EXCERPTED DATA:
______

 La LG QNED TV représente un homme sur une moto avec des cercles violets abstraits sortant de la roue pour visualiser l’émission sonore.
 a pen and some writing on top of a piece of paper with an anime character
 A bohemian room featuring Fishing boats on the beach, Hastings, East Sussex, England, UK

______

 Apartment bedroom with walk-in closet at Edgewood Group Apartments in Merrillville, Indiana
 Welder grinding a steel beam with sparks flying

______

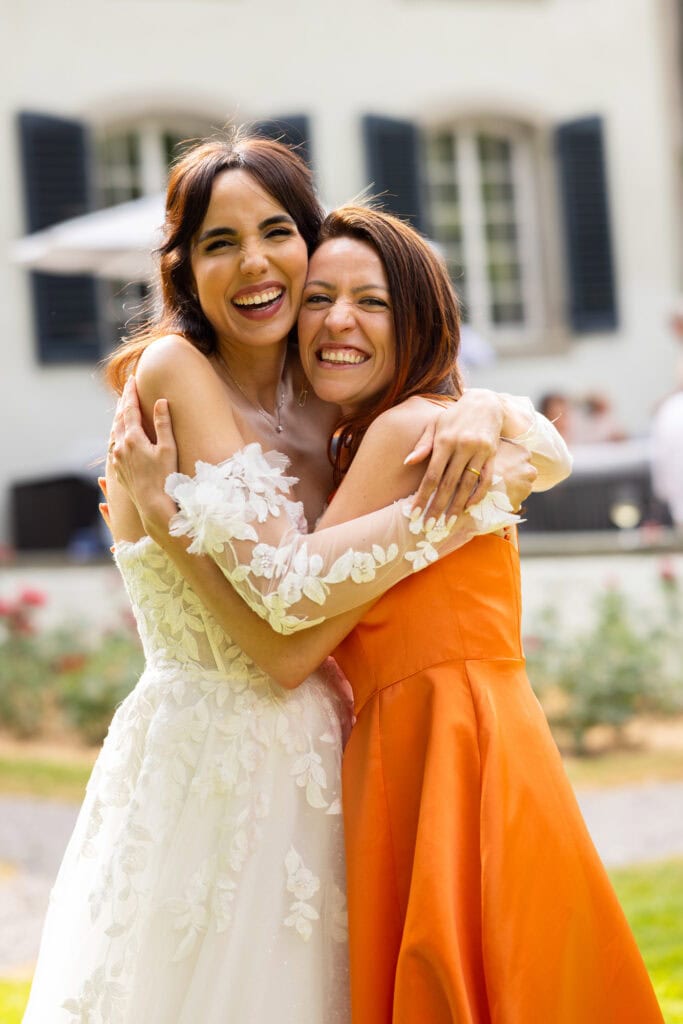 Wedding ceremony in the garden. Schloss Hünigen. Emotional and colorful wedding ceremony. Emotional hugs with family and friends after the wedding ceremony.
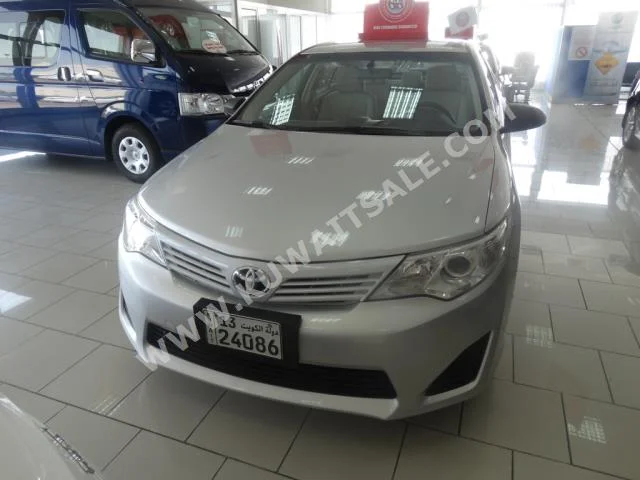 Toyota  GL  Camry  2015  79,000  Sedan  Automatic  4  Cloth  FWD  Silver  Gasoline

______

TASK DESCRIPTION: Give back, unchanged, the run of lines in the listing above that begins at the line containing "a pen and some" and ends at the line containing "A bohemian room", both included.

WRITTEN SOLUTION:
 a pen and some writing on top of a piece of paper with an anime character
 A bohemian room featuring Fishing boats on the beach, Hastings, East Sussex, England, UK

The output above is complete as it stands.